Antes mesmo da Amazônia, eu gostaria de ver a internacionalização de todos os grandes museus do mundo. O Louvre não deve pertencer apenas à França. Cada museu do mundo é guardião das mais belas peças produzidas pelo gênio humano. Não se pode deixar esse patrimônio cultural, como o patrimônio natural amazônico, seja manipulado e destruído pelo gosto de um proprietário ou de um país. Não faz muito, um milionário japonês decidiu enterrar com ele um quadro de um grande mestre. Antes disso, aquele quadro deveria ter sido internacionalizado.

Durante o encontro em que recebi a pergunta, as Nações Unidas reuniam o Fórum do Milênio, mas alguns presidentes de países tiveram dificuldade em comparecer por constrangimentos na fronteira dos EUA. Por isso, eu disse que Nova York, como sede das Nações Unidas, deveria ser internacionalizada. Pelo menos Man-hattan deveria pertencer a toda a humanidade. Assim como Paris, Veneza, Roma, Londres, Rio de Janeiro, Brasília, Recife, cada cidade, com sua beleza especifica, sua história, deveria pertencer ao mundo inteiro.

Se os Estados Unidos querem internacionalizar a Amazônia, pelo risco de deixá-la nas mãos de brasileiros, internacionalizemos todos os arsenais nucleares dos EUA. Até porque eles já demonstraram que são capazes de usar essas armas, provocando uma destruição milhares de vezes maior do que as lamentáveis queimadas feitas nas florestas do Brasil.

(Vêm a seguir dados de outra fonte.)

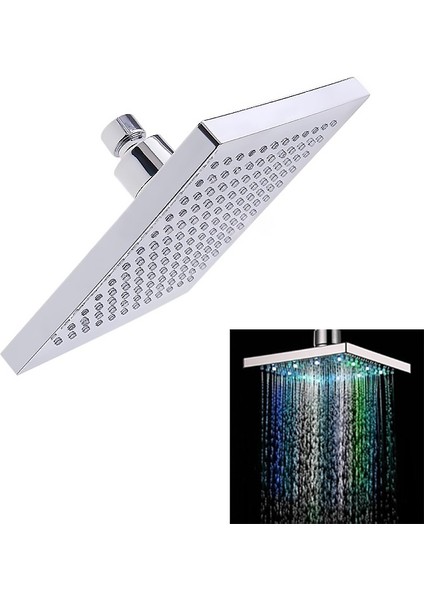 7 Renk Led Otomatik Banyo Duş Başlığı Gümüş Rengi (Yurt Dışından)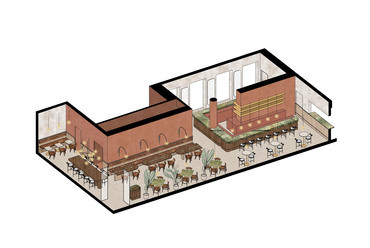 Étterem, axo – BIS Építész Iroda: a Verno House belsőépítészeti kialakítása.
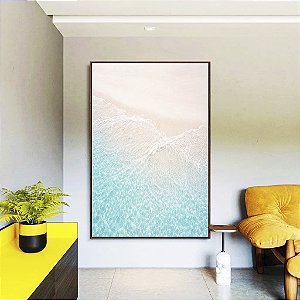 Quadro Vertical Mar Turquesa Praia Serena Areia Branca Natureza Canvas Moldura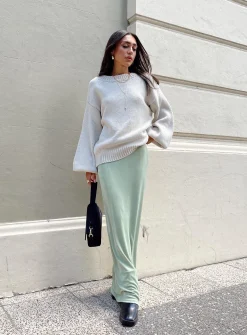 Princess Polly Harriette Maxi Skirt  Sage New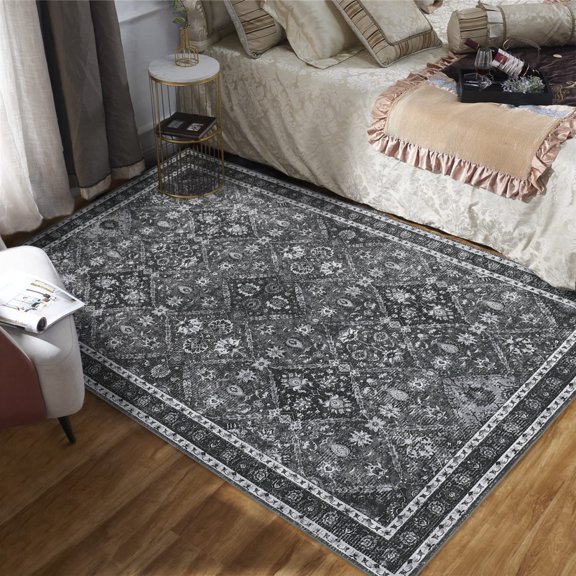 Geetinfly 5*7FT Area Rugs 100% Polyester Rug 350Gsm Velvet Weight Pearl Velvet Cotton Tpr Washed Folding Backing Carpet - Persia - Hundred Flowers Blooming grey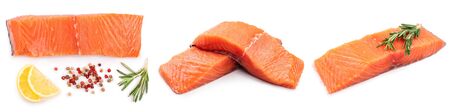 fillet of red fish salmon with lemon and rosemary isolated on white background. Top view. Flat layの写真素材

Nos seus debates, os candidatos à presidência dos EUA têm defendido a ideia de internacionalizar as reservas florestais do mundo em troca da dívida. Comecemos usando essa dívida para garantir que cada criança do mundo tenha a chance de ir à escola. Internacionalizemos as crianças tratando-as, todas elas, não importando o pais onde nasceram, como patrimônio que merece cuidados do mundo inteiro. Ainda mais do que merece a Amazônia. Quando os dirigentes tratarem as crianças pobres do mundo como um patrimônio da humanidade, não deixarão que elas trabalhem quando deveriam estudar; que morram quando deveriam viver.

Como humanista, aceito defender a internacionalização do mundo. Mas, enquanto o mundo me tratar como brasileiro, lutarei para que a Amazônia seja nossa. Só nossa.

Debata com seu grupo esse texto do Buarque, que já virou clássico:

– Por que nos últimos 300 anos destruímos 70% das florestas do mundo, sem tomar medidas?

– Por que agora sentimos a necessidade de internacionalizá-las? O que acontecerá se continuarmos a destruí-las?

– Por que não internacionalizamos, já, tudo aquilo que é condição de sobrevivência da humanidade?

– Por que não consideramos, de uma vez por todas, que os humanos somos todos uma só família, um só país, e que tudo tem de ser administrado em favor do interesse de todos, não de interesses privados, uns contra os outros?